So what your saying is I'm going to have me some of the best white lighting some time soon? Love it!


----------



## Crothcipt (Feb 28, 2012)

love that mix of woods, the last time I smoked I used cherry and apple wood on antelope (pronghorn). Everyone wanted more but didnt' have anymore, I didn't even get some.


----------



## hax9215 (Feb 28, 2012)

Chef Niloc said:


> So what your saying is I'm going to have me some of the best white lighting some time soon? Love it!



No current plans to visit NYC, but if I get the opportunity I will definitlely bring some! btw, this is hard cider; using apples and yeast rather than corn sour mash. Not as strong, ~ 130-140 proof, but much tastier!

Hax the Cook CLEAVERS RULE!!!


----------



## sw2geeks (Feb 29, 2012)

I have two Pellet smokers and love them. As easy as using an oven, just set the temp and the hoper feeds the pellets to maintain the temp you set. I think Traegers commercial units start at $2,000 and go up to around $10,000. Of course I just have the backyard home style Traeger's, being just a home cook.


----------



## Chef Niloc (Feb 29, 2012)

hax9215 said:


> Hax the Cook CLEAVERS RULE!!!



Yes they do! I keep this little one in the trunk of my car, never know when you might have to split a hog 







O and a whole line of Betty's


----------



## Crothcipt (Feb 29, 2012)

I now so want to take that in to work. Show how extreme my problem isn't yet.:scared4:


----------



## Kyle (Feb 29, 2012)

Do any of those cleavers get much use or is it mostly just a really cool collection?


----------



## hax9215 (Feb 29, 2012)

Impressed!

Hax thee Cook CLEAVERS RULE!!!


----------



## jmforge (Mar 1, 2012)

I come from Kentucky originally and their ain't no BBQ there either..........unless you count sheep as BBQ. ;-)


hax9215 said:


> PARBOILING RIBS?? No BBQ in Florida either, apparently. No offense, but there is a reason a lot of the competition guys's excess. btw, I align my smoker on a back azimuth to Memphis, not magnetic North!
> 
> 
> Hax the Cook CLEAVERS RULE!!!


----------



## hax9215 (Mar 1, 2012)

I would maintain that only in Kentucky could a pitmaster effectively smoke sheep! (For all of you yankees, Owensboro style BBQ utilizes mutton.) Seriously, parboiling?

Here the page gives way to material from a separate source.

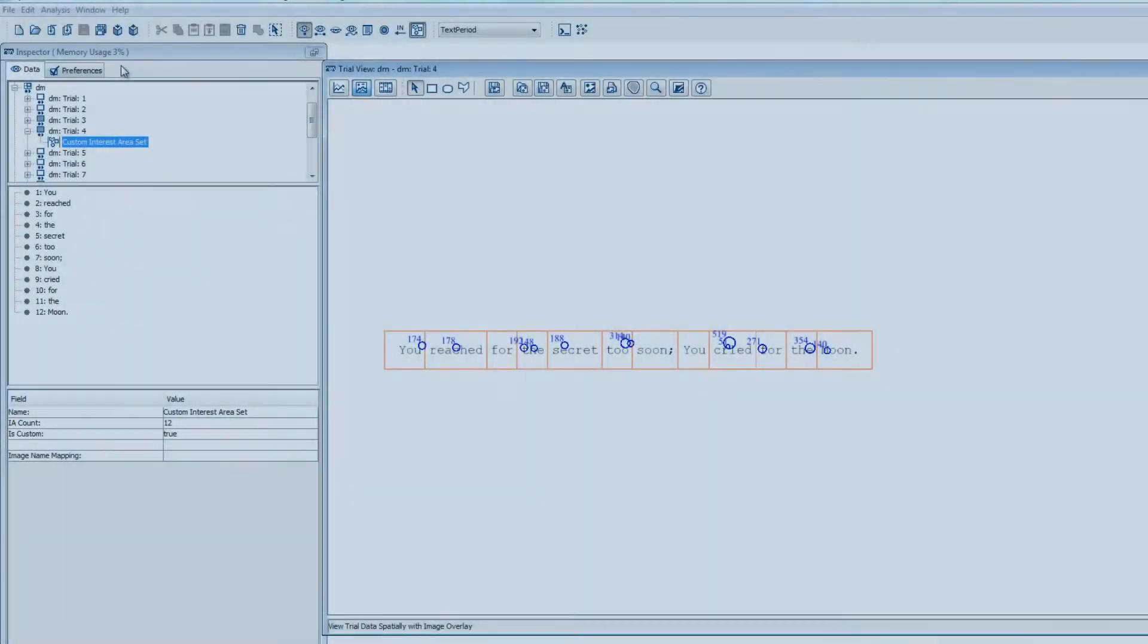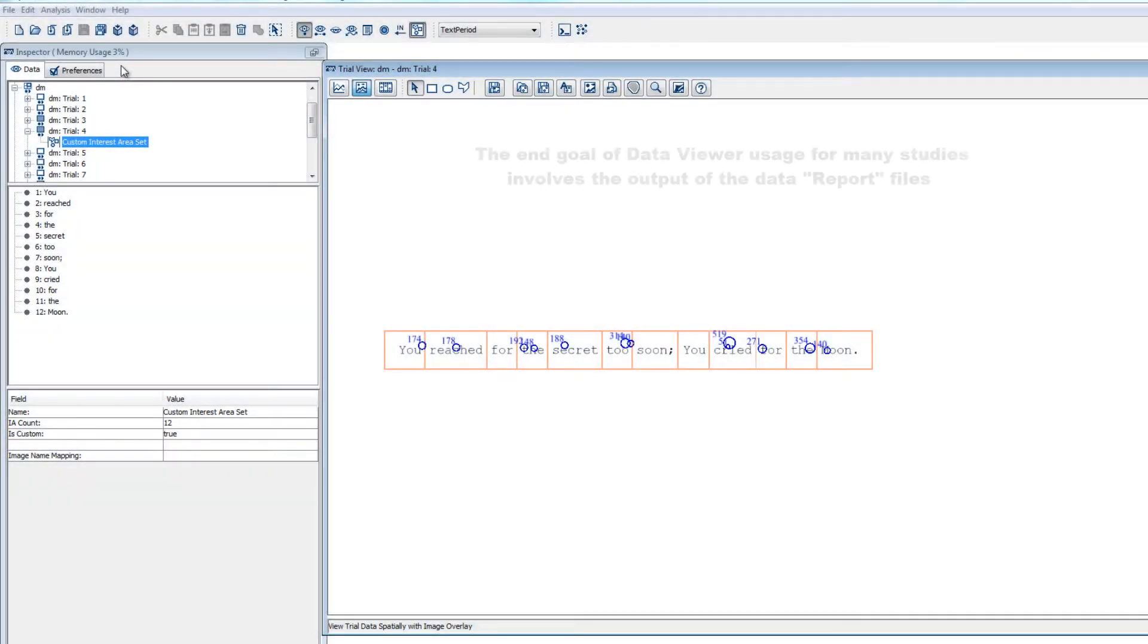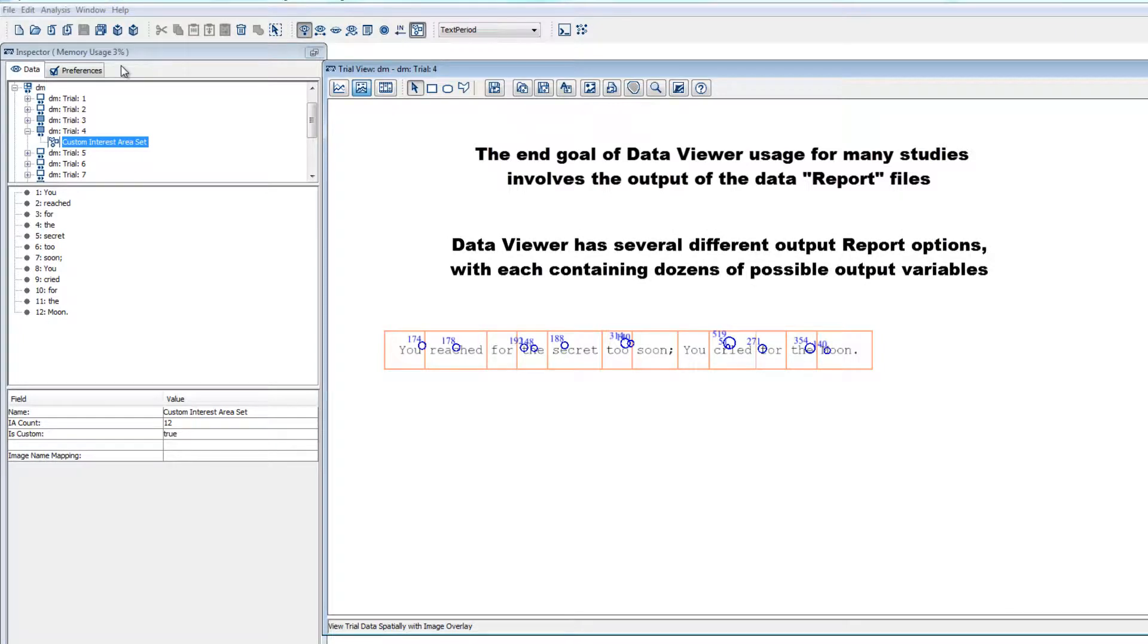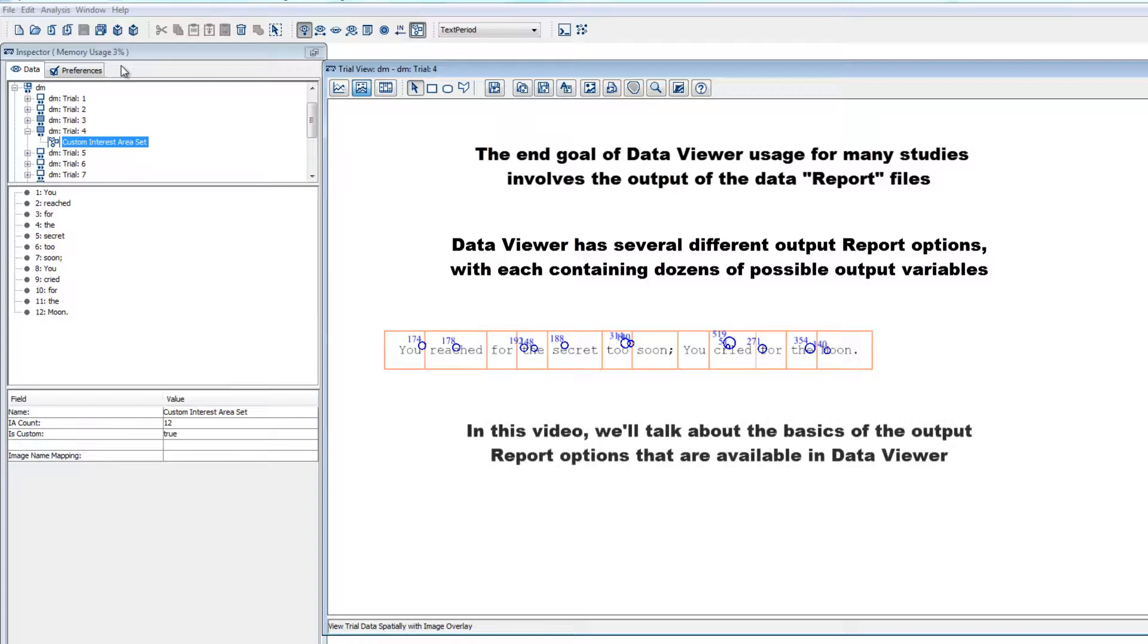The end goal of Data Viewer usage for most research studies involves the output of the actual data files. Data Viewer has several output report options, each containing dozens of possible variables that can be included. In this video, we'll cover the basics of reports and the organizing principles underlying them.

HERESY!! DE-VIL!! DE-VIL!! BLAS-PHEMERRR!!!! :devilburn: ;-(p

Hax the Cook CLEAVERS RULE!!!


----------



## Chef Niloc (Mar 2, 2012)

Kyle said:


> Do any of those cleavers get much use or is it mostly just a really cool collection?



I use two smaller old beattys almost every day, size 0 nd 2. That big boy is a #10 and has only been used to behead some large fish that has hit my dock. I also have a few lamb splitters that get used a lot. But to fully answer the question I have been trying to collect one of each size of Beatty in as good a shape as I can find. 
This got harder when I learned that not only were there the "Beatty and son" cleavers made from cast steel that most of you know of, made from around 1820's-1900. In around 1940 one of the Beatty's daughters marred a mr. Briddell from that point on all the knives were stamped Briddell. But a older (also cast steel) cleavers made by the stamped " W. Beatty PA". These were made from around 1720-1750, he was the grandfather of the William Beatty from Beatty and son. 
But hold on I'm not done yet a even older cast steel cleaver made by John Beaty from around 1680-1720, stamped "J Beatty Ulster Co NY" that's the one in the picture above. 
AND! From what i can tell the oldest Beatty cleavers made stamped "Thomas Beatty Forged Down Co. Ireland 1662". If I'm right these were made by the great great grand uncle of the "Beatty and sons" in county down Ireland. I found this cleaver in a antique store in PA thing looks like it was never used, funny my oldest Beatty is the one in the best condition.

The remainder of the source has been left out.